= Dog-leg gearbox =

Manual transmission shift pattern

A dog-leg gearbox or dogleg gearbox is a manual transmission shift pattern distinguished by an up-over-up shift between first and second gear. The layout derives its name from a dog's hind leg, with its sharp angles. Dog leg gearboxes were replaced in most mass production vehicles by transmissions with a standard gear layout. Most modern manual performance cars have six-speed gearboxes, which are unsuited to the dog-leg layout.

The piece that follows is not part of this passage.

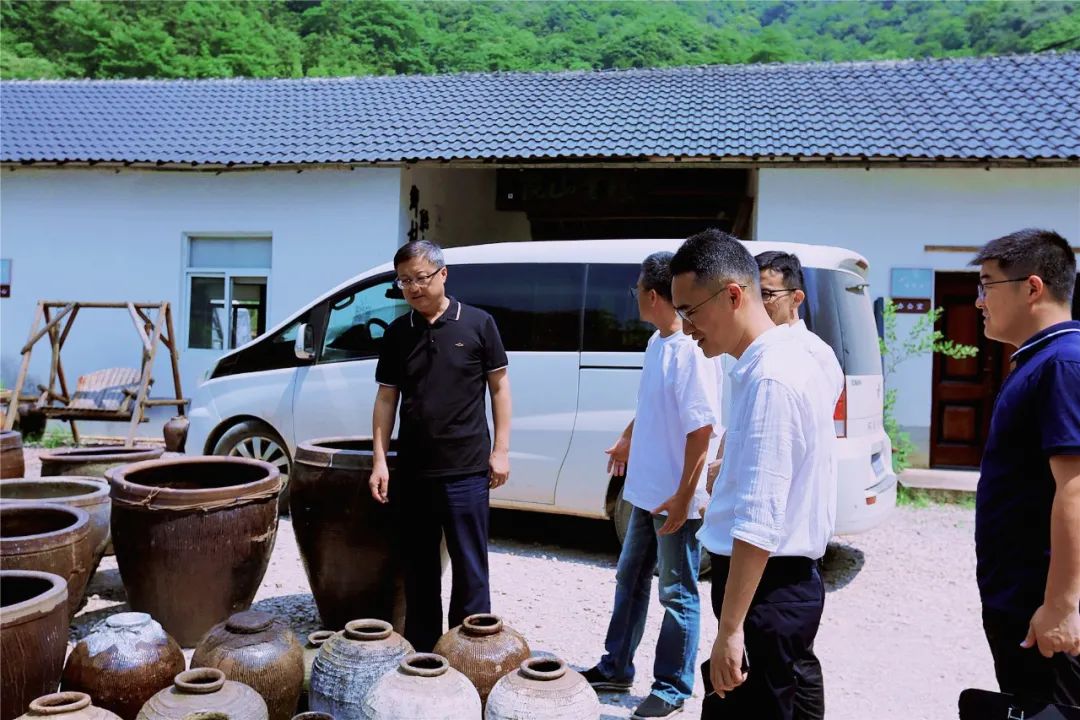 富阳区政协副主席包国灿一行来花开岭调研指导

| Dog leg five-speed layout | Conventional five-speed layout |
|---|---|

==Automobiles==

Dog-leg layout gearboxes were a reinterpretation of the classic 5-speed gate pattern: as in road racing more frequent shifting occurs from second to third than from first to second gear, the dog-leg gearbox puts 2nd and 3rd gear opposed one to the other, for a very quick up-shifting or down-shifting. This could bring the driver a great speed range with only one shift, which was particularly suitable for hillclimbing. They were transferred to sports cars in the 60s as a desirable feature. With the introduction of 6-speed manual gearboxes in the mid-90s and automated manual transmissions a few years later, dog leg gearboxes started to fall out of use.

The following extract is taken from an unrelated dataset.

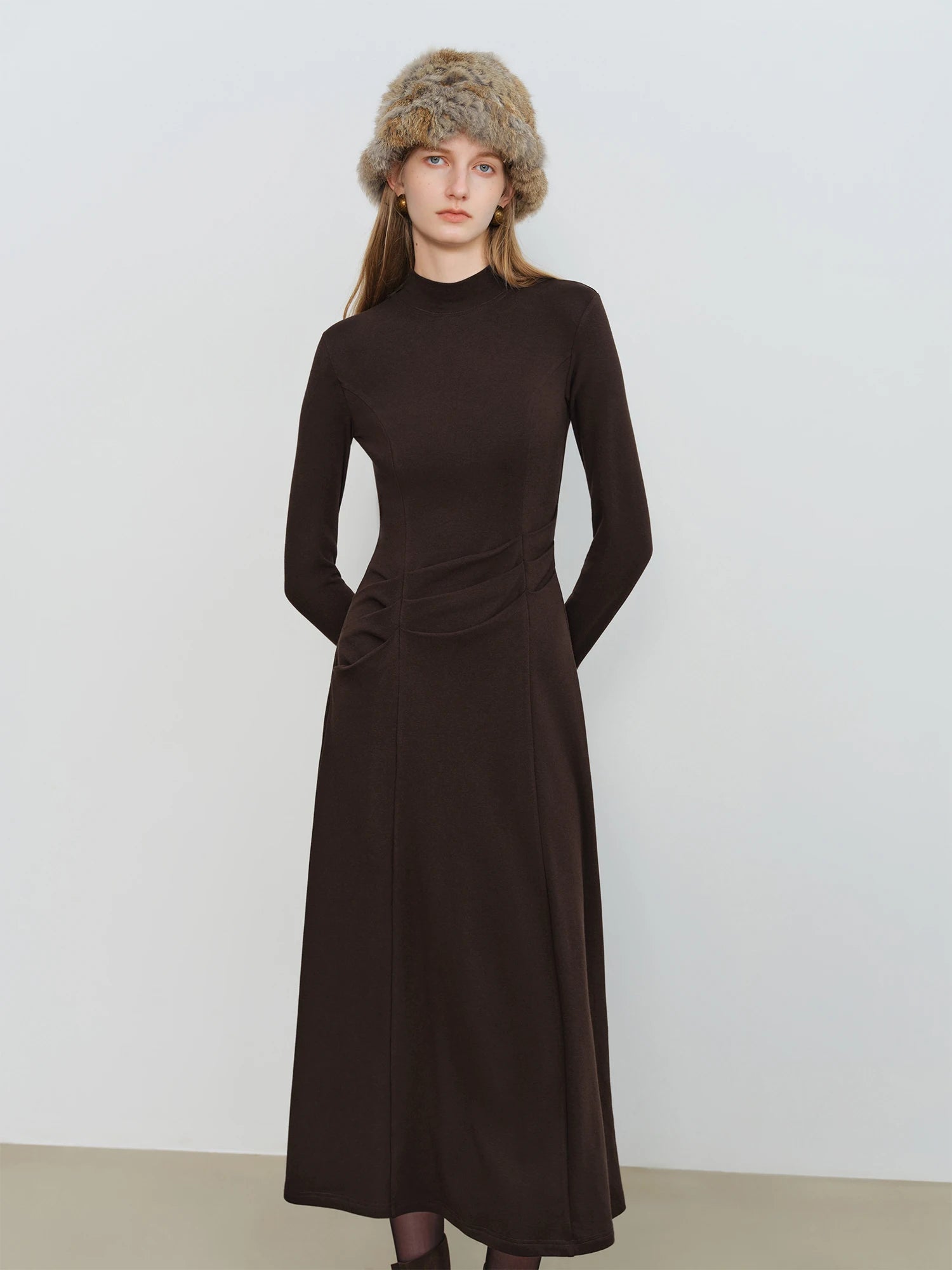ZIQIAO Autumn Winter 2025 Women's Waist-Defined Maxi Dress - Classic Black Timeless Silhouette Flattering Fit Office Elegant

Examples of cars that have used this pattern for performance reasons include Alfa Romeo Montreal and Alfa 6 (all models 1979/1987), BMW M535, early 635CSi (non-US) and (non-US) M3 E30, BMW 2002 Tii and Turbo, Mercedes-Benz 190E 2.3-16 and 2.5-16, Mercedes-Benz 300 CE-24, Mercedes-Benz CW311, most Ferraris from 60s to mid 90s (last ones being Ferrari 348 and Ferrari F512M), Dino 206/246 GT and cars featuring its engine and ZF transmission combo (Lancia Stratos and Fiat Dino -only 2.4 version-), the 60s Ford GT40 with a ZF transaxle, early Porsche 911 and 5-speed 912, Porsche 914 and 914/6, Porsche 924 (optional in 1978 and 79, standard in 1979 and 1980 Turbo variant), 928 and 959 (all featuring Getrag gearboxes), Cosworth Vega, Talbot Sunbeam Lotus, later model Jensen-Healey, Vauxhall Firenza HPF, Vauxhall Chevette HS and HSR, Lancia Fulvia, many classic Lamborghinis (including Countach, Urraco/Silhouette/Jalpa and Diablo), Maserati Biturbo, De Tomaso Pantera, and Aston Martin V12 Vantage. Rather unusually, the Prince Skyline 2000GT-B uses a true double dog-leg transmission pattern for its four speed gearbox, as first gear is in the traditional dog-leg location, while fourth is to the left of third gear.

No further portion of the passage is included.